Secretário de Haddad defende que país criminalize
enriquecimento ilícito
18/07/2013
Mário Spinelli quer que Congresso vote proposta apresentada em 2005.
Texto obriga servidor suspeito a provar origem de bens.
Roney Domingos
Fonte:
G1 São Paulo
secretário Spinelli (Foto: Roney Domingos/G1)
Spinelli fará campanha para que enriquecimento ilícito seja crime (Foto: Roney
Domingos/G1)
O controlador geral do município de São Paulo, Mário Vinícius Spinelli, disse
nesta quarta-feira (17) ao G1 que o Brasil, "ao não criminalizar o
enriquecimento ilícito de servidores públicos, está contrariando compromissos
internacionais que o país assinou, como a convenção da Organização das Nações
Unidas (ONU) e a Convenção da Organização dos Estados Americanos (OEA) contra a
corrupção.
Ex-secretário de prevenção da corrupção e informações estratégicas da
Controladoria Geral da União (CGU), Spinelli defende que o Congresso volte a
debater e aprove o projeto de lei 5.586/2005, de
autoria da CGU, que altera o Código Penal para nele incluir que o crime de
enriquecimento ilícito. Entusiasmado com os protestos de junho contra a
corrupção, ele inicia uma campanha e busca apoio nas redes sociais para que a
proposta saia da gaveta. "Queria muito que esse tema estivesse na pauta das
reivindicações da sociedade", afirmou.
O texto defendido por Spinelli estabelece que o funcionário público que possuir,
manter ou adquirir injustificadamente bens ou valores de qualquer natureza
incompatíveis com sua renda ou com a evolução de seu patrimônio fica sujeito à
pena de três a oito anos de prisão. Também indica as mesmas penas ao funcionário
público que, embora não figurando como proprietário, faça uso,
injustificadamente, de bens ou valores.
Segundo Sponelli, atualmente o servidor com patrimônio incompatível com sua
remuneração goza de relativa tranquilidade. Ele pode sofrer sanção
administrativa e demissão ou ser processado por improbidade administrativa. Não
existe ainda a possibilidade de sanção na esfera criminal. "O servidor não vai
para a cadeia, não vai responder, porque o enriquecimento ilícito não está
previsto no Código Penal brasileiro", afirmou.

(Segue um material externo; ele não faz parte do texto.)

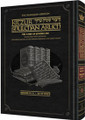 The Kleinman Edition Kitzur Shulchan Aruch - Code of Jewish Law Volume 2 (Chapters 35-71)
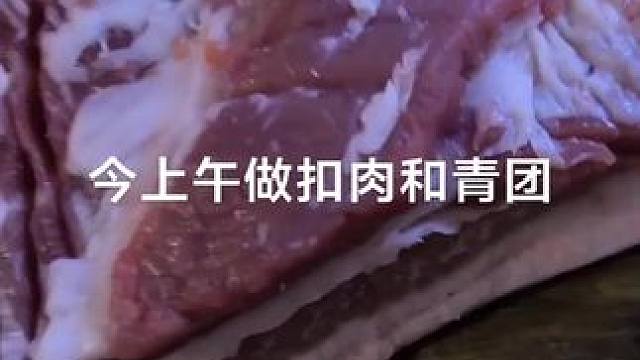 我发布了一个新视频，快来围观吧！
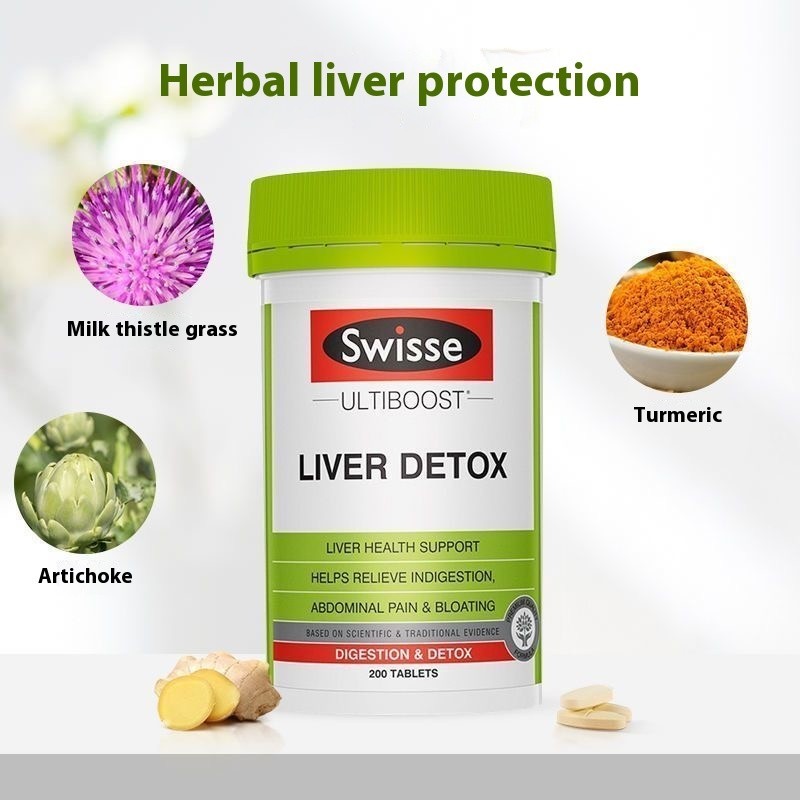 Swisse LIVER DETOX ล้างสารพิษตับ ดีท็อกซ์ตับ บรรจุ 200 เม็ด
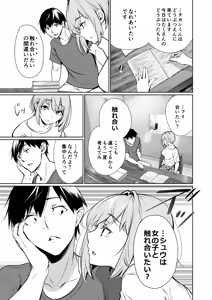 Page 1048 of ゲンツキ | Gentsuki - preview thumbnail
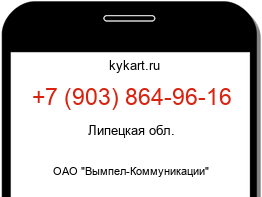Информация о номере телефона +7 (903) 864-96-16: регион, оператор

Segundo Spinelli, atualmente só é possível criminalizar a conduta do servidor se
o órgão de controle conseguir vincular esse enriquecimento a um crime
antecedente de corrupção, o que não é simples. "Isso dá ao corrupto uma posição
muito confortável, porque se não foi identificado o ato de corrupção, ele sabe
que, depois, o patrimônio dele - com todas as dificuldades que o Estado tem para
ter de volta esse bem - não vai ser afetado e ele não vai ter de arcar com sua
liberdade. Ele pode ser processado na esfera civil, mas já estará milionário."
A proposta de lei formulada na CGU busca prencher esse vácuo. "A nossa ideia é
que essa vinculação (entre o crime e o enriquecimento) não seja mais necessária.
Caberá ao servidor comprovar a origem de seu patrimônio. E, não comprovando,
isso já é uma conduta criminosa. A obrigação de provar que seu patrimônio tem
origem lícita caberá ao agente público e não ao Estado."
Responsável pela criação da Controladoria Geral do Município, que desde o início
da gestão Fernando Haddad (PT) conduziu investigações que resultaram na prisão
de cinco servidores suspeitos de propina, Spinelli exige do funcionalismo
municipal paulistano a declaração de patrimônio e verifica os casos de
incompatibilidade entre salário e riqueza dos servidores. A proposta foi
questionada na Justiça, sem sucesso, por uma associação de servidores. A CGM
também abriu uma plataforma para colher denúncias de corrupção pela internet.
O secretário ressalta que a aprovação do projeto que criminaliza o
enriquecimento ilícito não interfere no direito dos servidores, e deixa claro
que deve ser resguardado o respeito à defesa e ao contraditório. "Às vezes, ele
tem outras fontes de recursos, pode ter recebido herança ou ganho na loteria.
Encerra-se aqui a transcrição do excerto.